Material for this exercise.
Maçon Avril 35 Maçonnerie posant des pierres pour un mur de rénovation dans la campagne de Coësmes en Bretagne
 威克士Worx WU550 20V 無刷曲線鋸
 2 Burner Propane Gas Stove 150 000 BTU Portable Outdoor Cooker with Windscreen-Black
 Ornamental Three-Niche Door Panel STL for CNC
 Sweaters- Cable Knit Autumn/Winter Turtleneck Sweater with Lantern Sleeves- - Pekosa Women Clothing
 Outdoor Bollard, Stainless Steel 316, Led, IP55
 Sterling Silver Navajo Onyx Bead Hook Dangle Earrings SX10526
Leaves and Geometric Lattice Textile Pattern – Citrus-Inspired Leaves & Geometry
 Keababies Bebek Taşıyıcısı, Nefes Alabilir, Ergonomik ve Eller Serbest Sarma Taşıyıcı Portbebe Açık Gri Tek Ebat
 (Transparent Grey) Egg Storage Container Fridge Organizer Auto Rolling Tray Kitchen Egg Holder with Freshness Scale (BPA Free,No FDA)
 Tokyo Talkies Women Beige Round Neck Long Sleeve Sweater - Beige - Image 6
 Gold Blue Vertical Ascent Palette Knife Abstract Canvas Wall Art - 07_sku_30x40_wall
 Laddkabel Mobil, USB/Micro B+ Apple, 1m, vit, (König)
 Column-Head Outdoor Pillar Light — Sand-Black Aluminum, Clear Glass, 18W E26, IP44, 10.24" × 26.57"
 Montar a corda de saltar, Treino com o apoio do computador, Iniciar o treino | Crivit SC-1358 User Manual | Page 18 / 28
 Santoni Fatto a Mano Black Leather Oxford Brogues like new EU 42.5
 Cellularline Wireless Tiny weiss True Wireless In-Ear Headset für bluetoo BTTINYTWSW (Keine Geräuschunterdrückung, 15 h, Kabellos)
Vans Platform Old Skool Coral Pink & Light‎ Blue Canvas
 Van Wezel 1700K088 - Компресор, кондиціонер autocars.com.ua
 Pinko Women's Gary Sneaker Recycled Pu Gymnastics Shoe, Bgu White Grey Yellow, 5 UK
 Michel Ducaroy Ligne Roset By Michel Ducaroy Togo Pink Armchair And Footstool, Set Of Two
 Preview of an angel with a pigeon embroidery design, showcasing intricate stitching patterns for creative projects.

How to complete this task. Repeat the whole listing verbatim.

Output of the task.
Maçon Avril 35 Maçonnerie posant des pierres pour un mur de rénovation dans la campagne de Coësmes en Bretagne
 威克士Worx WU550 20V 無刷曲線鋸
 2 Burner Propane Gas Stove 150 000 BTU Portable Outdoor Cooker with Windscreen-Black
 Ornamental Three-Niche Door Panel STL for CNC
 Sweaters- Cable Knit Autumn/Winter Turtleneck Sweater with Lantern Sleeves- - Pekosa Women Clothing
 Outdoor Bollard, Stainless Steel 316, Led, IP55
 Sterling Silver Navajo Onyx Bead Hook Dangle Earrings SX10526
Leaves and Geometric Lattice Textile Pattern – Citrus-Inspired Leaves & Geometry
 Keababies Bebek Taşıyıcısı, Nefes Alabilir, Ergonomik ve Eller Serbest Sarma Taşıyıcı Portbebe Açık Gri Tek Ebat
 (Transparent Grey) Egg Storage Container Fridge Organizer Auto Rolling Tray Kitchen Egg Holder with Freshness Scale (BPA Free,No FDA)
 Tokyo Talkies Women Beige Round Neck Long Sleeve Sweater - Beige - Image 6
 Gold Blue Vertical Ascent Palette Knife Abstract Canvas Wall Art - 07_sku_30x40_wall
 Laddkabel Mobil, USB/Micro B+ Apple, 1m, vit, (König)
 Column-Head Outdoor Pillar Light — Sand-Black Aluminum, Clear Glass, 18W E26, IP44, 10.24" × 26.57"
 Montar a corda de saltar, Treino com o apoio do computador, Iniciar o treino | Crivit SC-1358 User Manual | Page 18 / 28
 Santoni Fatto a Mano Black Leather Oxford Brogues like new EU 42.5
 Cellularline Wireless Tiny weiss True Wireless In-Ear Headset für bluetoo BTTINYTWSW (Keine Geräuschunterdrückung, 15 h, Kabellos)
Vans Platform Old Skool Coral Pink & Light‎ Blue Canvas
 Van Wezel 1700K088 - Компресор, кондиціонер autocars.com.ua
 Pinko Women's Gary Sneaker Recycled Pu Gymnastics Shoe, Bgu White Grey Yellow, 5 UK
 Michel Ducaroy Ligne Roset By Michel Ducaroy Togo Pink Armchair And Footstool, Set Of Two
 Preview of an angel with a pigeon embroidery design, showcasing intricate stitching patterns for creative projects.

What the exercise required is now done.